Attacks on Maryland?s prison guards have significantly dropped this year, a trend one group of legislators, ex-inmates and correctional officers hope a six-month study that began Wednesday will continue.
Inmate-on-inmate violence and assaults on guards have dropped in the past year, Department of Public Safety and Correctional Services Secretary Gary Maynard said at the first meeting Wednesday of a task force on prison violence. The group was created in 2007 after prisoners killed two correctional officers.
“We have to learn through trial and error who the violent ones are,” Maynard said. “It takes a while to figure out.”
Serious assaults on correctional officers dropped from five to two between August 2007 and May compared with the same period last year, according to department officials. Pretrial attacks on guards decreased from four to one.
The appointment process delayed the task force, scheduled to release its first report last December, said state Sen. Verna Jones, a Baltimore City Democrat and co-chairwoman.

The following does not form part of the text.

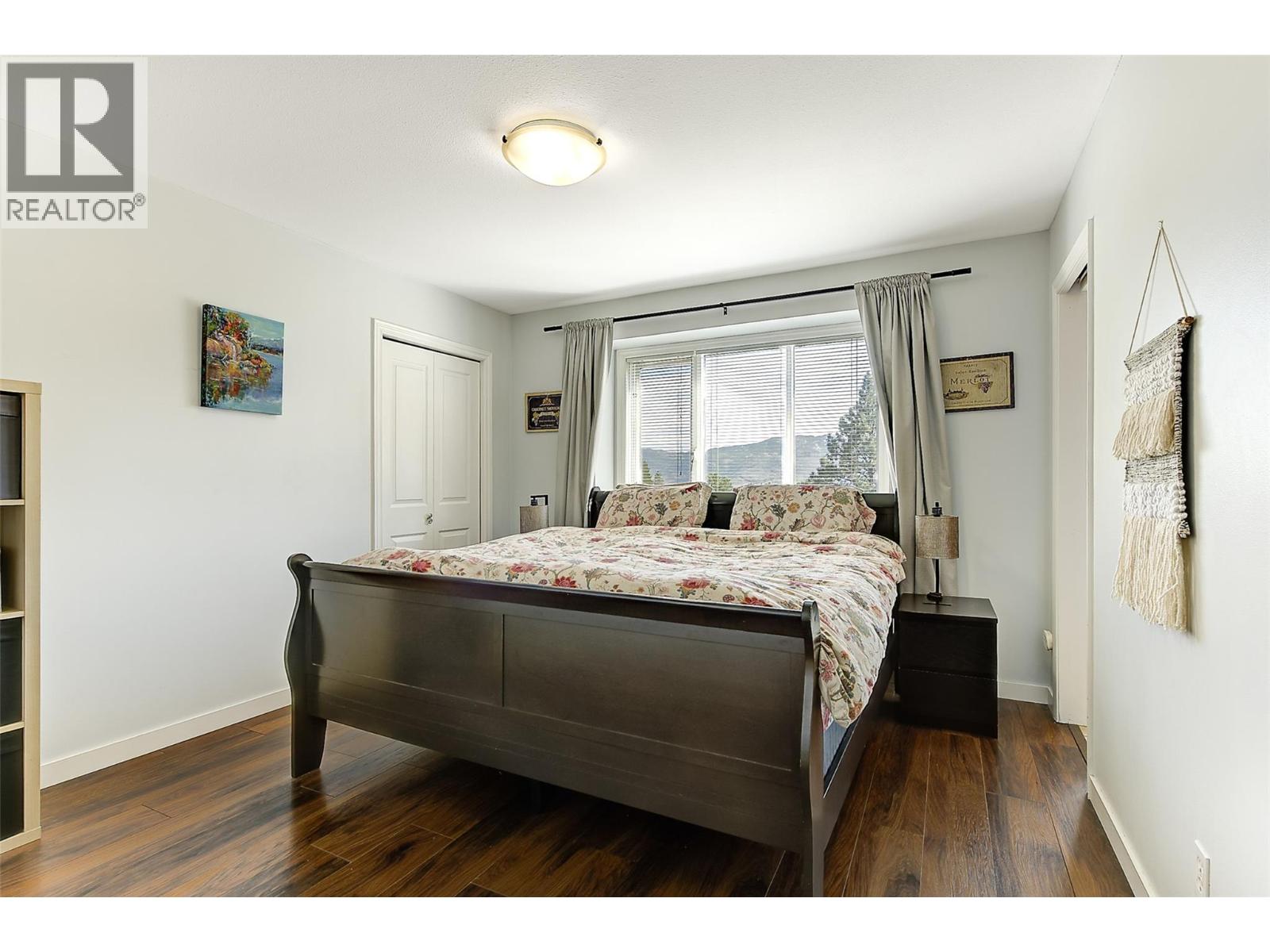 3183 Broadview Place Lot# Lot 17, West Kelowna, British Columbia  V4T 1M9 - Photo 29 - 10389554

A final report is due by the end of the year.
“I am very encouraged,” Jones said. “We are not interested in just writing a report and having it put up on the shelf.”
Task force members circulated a list of 20 potential remedies, including eliminating inmate uniforms, which some said shield problematic inmates during group activities.
Sheila Bedi, a lawyer with the Justice Policy Institute, said solutions rely on changes to the judicial system.
“Institutionalization itself perpetuates violence,” Bedi said. “We need to be sure when people are locked up in the state of Maryland, it?s because there are no other alternatives.”